In funnel terms, click-to-message or conversational ads could be thought of as a middle-of-journey tool. Just ask the Facebook chatbot operators themselves: People do not close deals inside of a chatbot; they want to research and compare, and then go off to search or a merchant site to purchase. The thing Koah needs is to provide the ability for brands to hone in on that the commercial intent accurately — through deep links, prefilled lead flows, even contextualized calls to action — without turning the exchange into a sales pitch that ruins the experience.
A monetization layer for the AI long tail
Legacy mobile ad networks have been tested in AI interfaces by numerous developers, only to encounter poor fit and low returns. Koah is selling itself as being purpose-built for conversational UX: pacing that respects how people take turns talking, natural-language creative that reflects the assistant’s tone, and controls that let publishers decide when ads are allowed to appear. For consumer in-vestors like Forerunner, whose investments have included category-defining commerce and consumer platforms, the thesis is pretty simple: Subscriptions won’t be enough to take consumer AI mainstream, and a native ad layer will be mission criti-cal.

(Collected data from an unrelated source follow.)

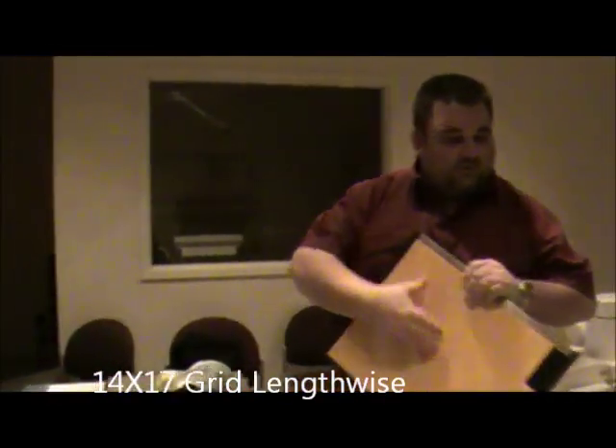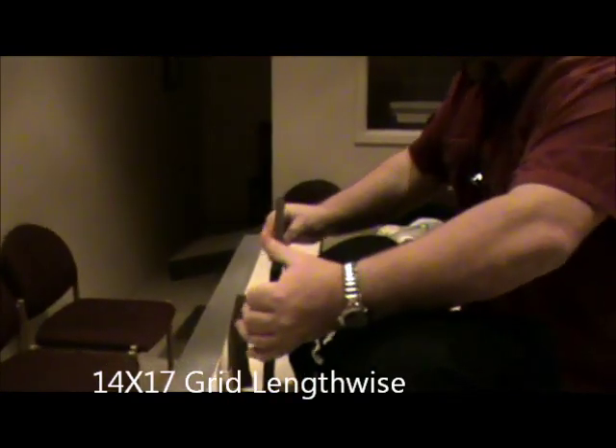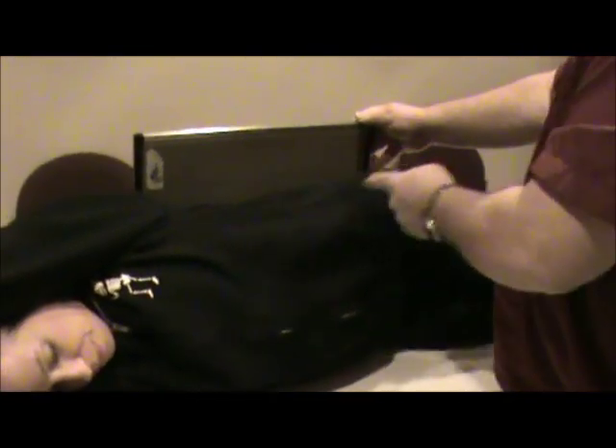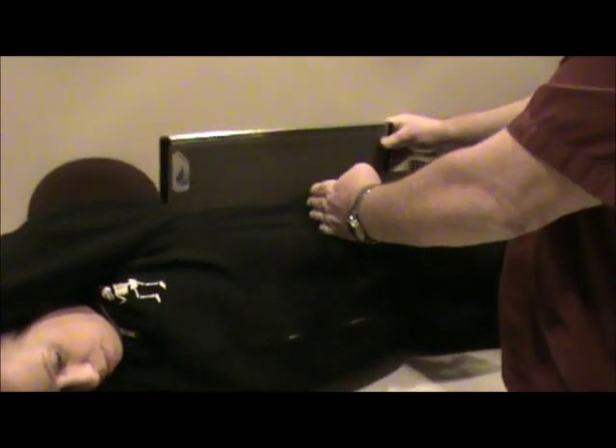The techniques are going to change a little when we get to the PA and other views. For a decubitus abdomen, this is going to be our first view. We're going to have the patient roll onto their right side. We'll use a 14 by 17, and this will be used as a grid. I'm going to palpate the crest. Since this is the right lateral decubitus, we're looking a lot at the left side, and because the splenic flexure is a little bit higher, I'm going to center about an inch or so above the crest.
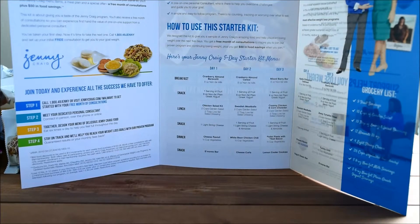The brochure that it came with gives you a five-day starter kit menu showing what you need to eat, what days, and the extra snacks that you need. They also provided an easy grocery list so you know what to buy at the store to get started.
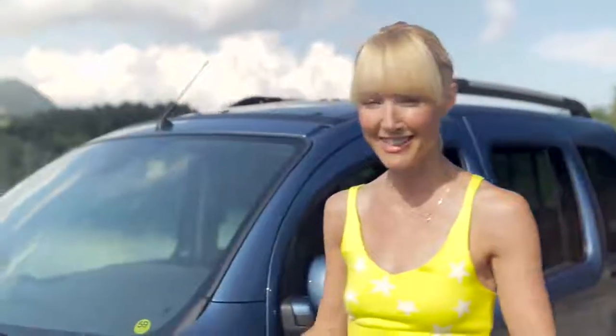Hey, I'm Anna and I'm a yoga guide. Today I want to show you a nice routine that you can do after a long trip in your car. So let's get started.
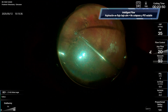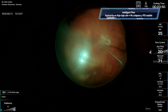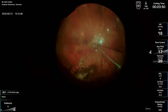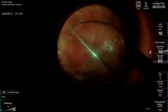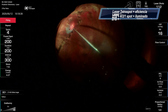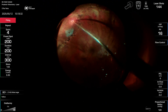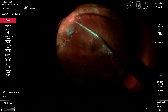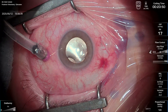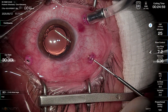Now I'm doing the fluid-air exchange using the peristaltic pump, although you can avoid problems with the peristaltic pump under air by using the venturi pump that is also built into the system. I'm using this tetraspot laser, which is awesome — it helps you to do laser very fast over a wide area. I finished using some PRP and fortunately in this case I didn't have to do any sutures, thanks to operating with 27G.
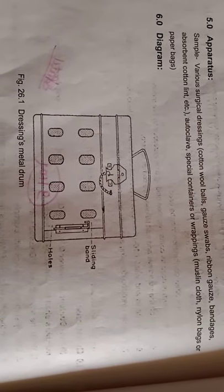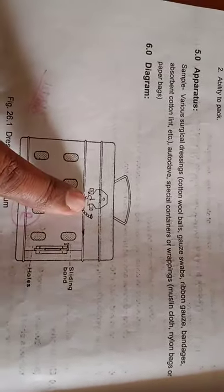Here you can see a metal dressing drum, which has a sliding band and holes are given. This is the locking system for this dressing metal drum.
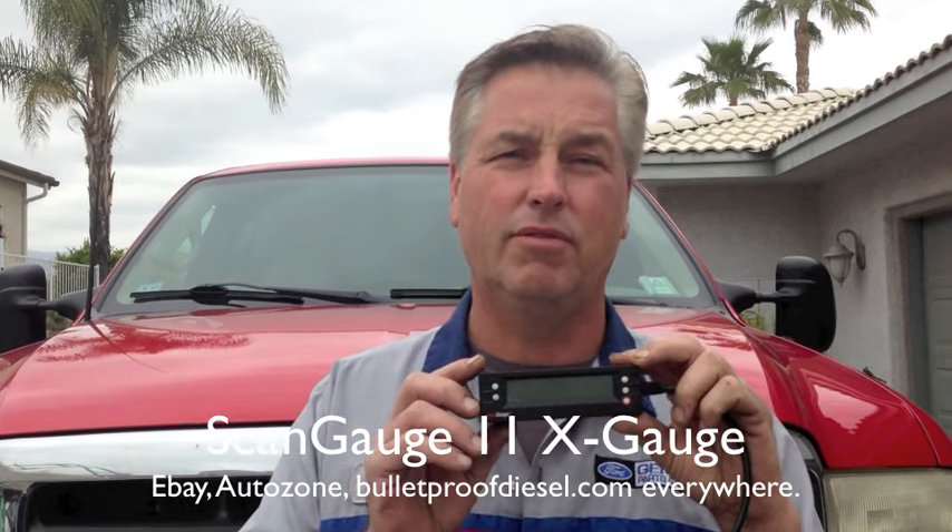It's important that the FICM voltage never drops below 45. The FICM sync has to read 1, which shows they're synchronized and that it knows the engine position. ICP key-on engine-off — you want it to be at most atmospheric pressure, with the exception of an 03 or early 04 with the new-style sensor, which may read 50 or 60 psi. All the other ones you want to make sure it reads 0 to maybe 15, depending on your altitude.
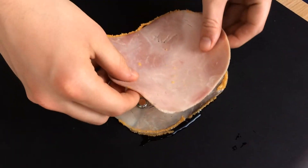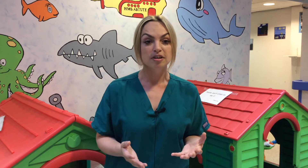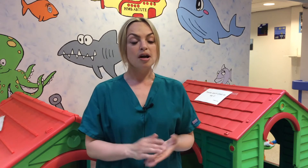A button battery that gets stuck in a child's gullet will start to burn its way through that tissue, and that is a life-threatening emergency in itself. It can be severely catastrophic if it comes into contact with a blood vessel — it can be life-threatening, really.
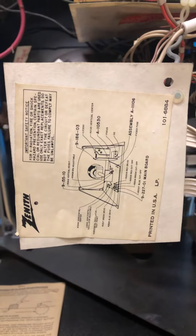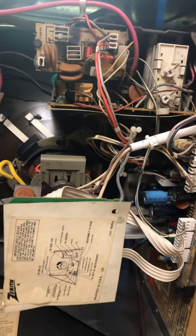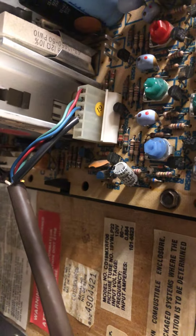Some kind of Zenith something or other. I've seen it once or twice before, don't remember where, don't remember when. But if we go down here, you'll see that red, green, and blue plugs in there.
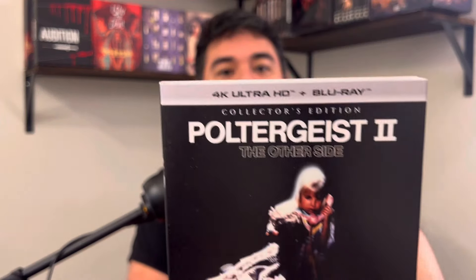So a true unboxing. It comes with Shout wrapping paper, and here is a poster right here.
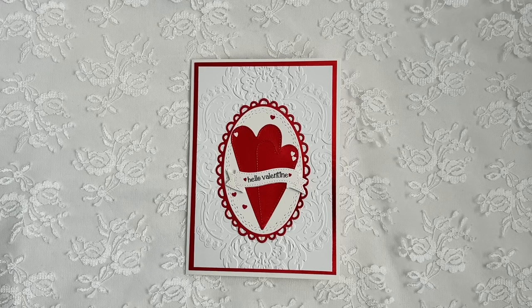Hi everyone, Christine here. Welcome back to my channel and welcome to all my new subscribers. Happy Valentine's Day! I just wanted to come on real quick and share this Valentine's card that I made. It was so super simple to put together.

There is real execution risk. Measure and attribution are more difficult when the recommendations occur in free-flowing conversation. Brand safety and hallucinations necessitate tight guardrails so that offers do not appear next to misleading or sensitive content. Expectations around privacy are on the rise, and any contextual targeting has to be clear and compliant. And platform dependence is an up\-coming issue: if the biggest model providers want to run their own ad networks, indies will rely on better performance and tooling to demonstrate value.
Where the new money goes
Koah wants to grow its SDKs, measurement stack, and policy controls, while growing both sides of its marketplace — more high-intent inventory amongst AI apps, and more advertisers with offers that feel like real next steps in a conversation. Global coverage is something Jumbo put a premium on, most notably in markets where paid plans tend to underperform but which AI asssistants are increasingly scaling. If Koah can sustain high relevance but low friction, it does have a business that could potentially elbow its way into common infrastructure of the AI-driven consumer apps serving up the long-tail of consumer apps that Koah can monetize.
The larger picture is an easy one: AI apps require sustainable economics. Threading ads within moments of intent — not as banners, but as timely, useful options — Koah is trying to prove that making money can buoy the user experience instead of corrode it. If the lessons stick as the network expands, ads in AI chats could go from novelty to norm.